"Le Cinéma enragé au Japon s'éloigne des grandes avenues cinématographiques nippones pour s'intéresser à la création alternative, transgressive. Films extrêmes, brûlots révolutionnaires érotiques, œuvres désenchantées (cyber)punk ou productions violentes et gore aux forts relents sociaux, ils sont conçus par des réalisateurs indépendants, engagés, activistes ou libertaires, parfois même hors-la-loi", prévient la quatrième de couverture.
Sacré programme, et c'est là tout l'enjeu : racler le sang sur le sol et les murs, fouiller les poubelles de l'Histoire du cinéma nippon, saisir au vol des œuvres météores, fouiller les tripes d'une cinématographie dont la face cachée aurait tort de rester dans l'ombre, rendre accessible et intéressant pour tous un cinéma qui n'est pas fait pour tout le monde.
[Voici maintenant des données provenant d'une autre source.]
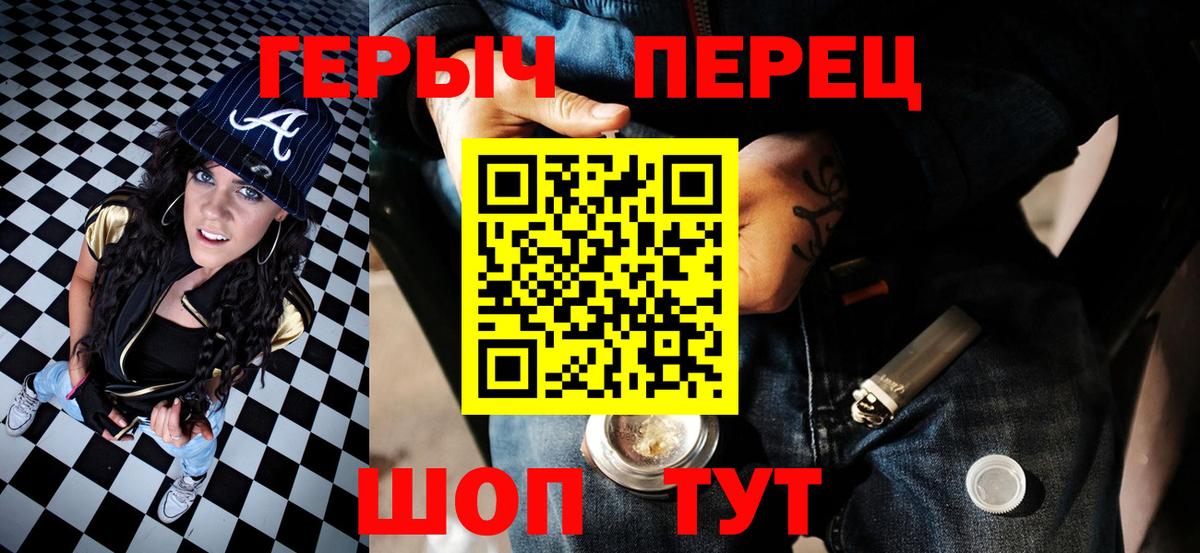 Нижневартовск  Героин VHQ  Вход с VPN 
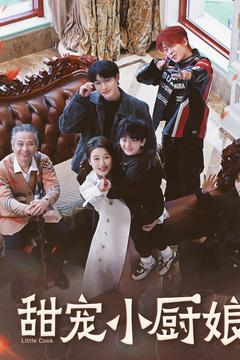 《甜宠小厨娘》（52集）在线看短剧全集超甜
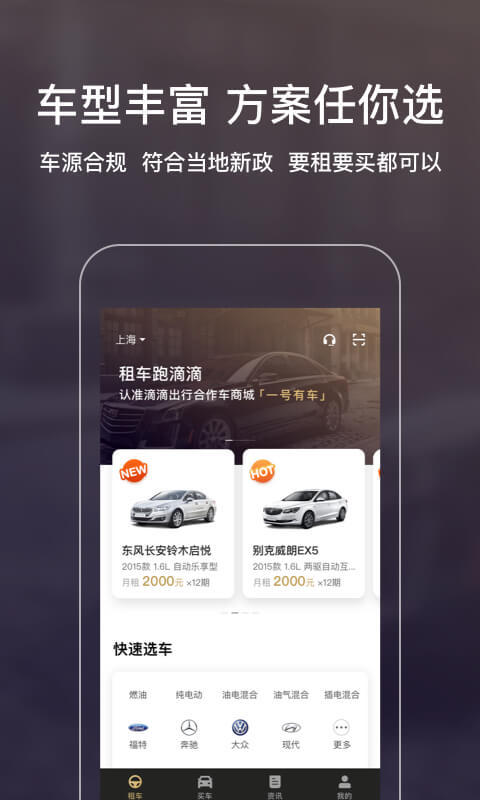 一号有车  v6.0.0图1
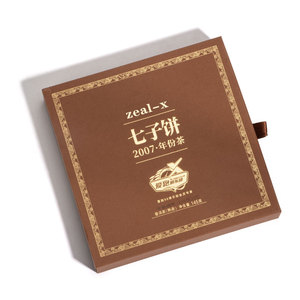 <span class=keywords><strong>2025</strong></span> thiết kế mới tùy chỉnh ngăn kéo hộp Quà tặng hộp cứng nhắc cho mỹ phẩm chăm sóc da bao bì sang trọng hộp giấy với xử lý - Product Image 5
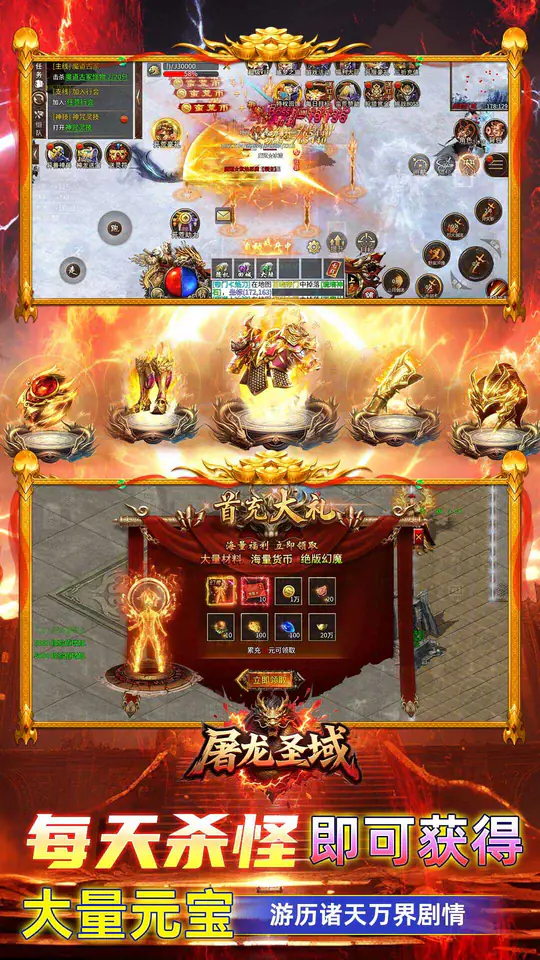 屠龙圣域(蛮荒专属传奇)游戏截图3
Une profession de foi dont les nobles ambitions imprègnent chaque page de cet excellent bouquin.
Ne faisant l'économie d'aucune contextualisation historique (toute la partie concernant les tensions politiques qui ont secoué le pays et la jeunesse au cours des 60's, avec la formation de différents groupuscules armés d'extrême gauche, est particulièrement éclairante), Julien Sévéon brasse en près de 350 pages une histoire alternative du cinéma Japonais au fil d'une déclaration d'amour aussi érudite que sincère à des auteurs majeurs dont la plupart sont ignorés, ou peu considérés, par les encyclopédies généralistes.
Parmi eux, une place de choix est laissée à feu Koji Wakamatsu (Les Anges violés, United Red Army), cinéaste d'extrême gauche (dans la vie comme sur la toile) dont les films érotiques étaient toujours sous-tendus d'un discours politique inflexible. Parole est d'ailleurs laissée au Monsieur lors d'une interview aussi captivante que celles concernant Hisayasu Sato, Sogo Ishii ou encore Masao Adachi, le scénariste régulier de Wakamatsu.
Plus largement, y sont abordés des titres tels que Lolita Disgrace (Hisayasu Sato, 1988), double portrait d'un animateur radio et d'une lycéenne voyeuriste qui commente des meurtres en direct, Nightmare Detective (Shinya Tsukamoto, 2006), thriller où une jeune policière fraîchement mutée sur le terrain se retrouve chargée d'enquêter sur la mort étrange de deux victimes qui se seraient suicidées pendant leur sommeil, ou encore Anarchy in Japansuke (Takahisa Zeze, 1999) récit en flash-back dont le point de départ montre un quadragénaire abattre son propre fils au pied d'un arbre.
Trois exemples parmi tant d'autres d'un cinéma libre, sans tabous quant aux sujets qu'il peut aborder. En prime, l'auteur y accole un nombre impressionnant de photographies splendides (tant en couleurs qu'en noir & blanc) alternant extraits de films, affiches et photos des auteurs. Segmenté en quatre parties riches de chapitres plus passionnants les uns que les autres, Le Cinéma enragé au Japon repose sur une maquette agréable à parcourir qui fait constamment honneur à l'iconographie du livre. Le genre de travail qui donne le sentiment de faire un authentique voyage, abreuvant le lecteur d'informations tout en évitant les redondances.
A vrai dire, l'ouvrage est de ceux capables de passionner jusqu'aux plus profanes des lecteurs (ce qui était mon cas avant qu'il ne déclenche une curiosité irrépressible envers toutes ces péloches cintrées). En clair, 340 pages que leur clarté rend addictives. Soit les mêmes qualités qui imprègneront le Rêves, nostalgie et révolution du même Julien Sévéon, ouvrage tout aussi indispensable qui revient quant à lui sur la vie et l'œuvre du Japonais Mamoru Oshii.
Note : quitte à vous le procurer, prenez bien soin de choisir la version de 2010 qui fait deux fois la taille de la première édition, sortie elle en 2005.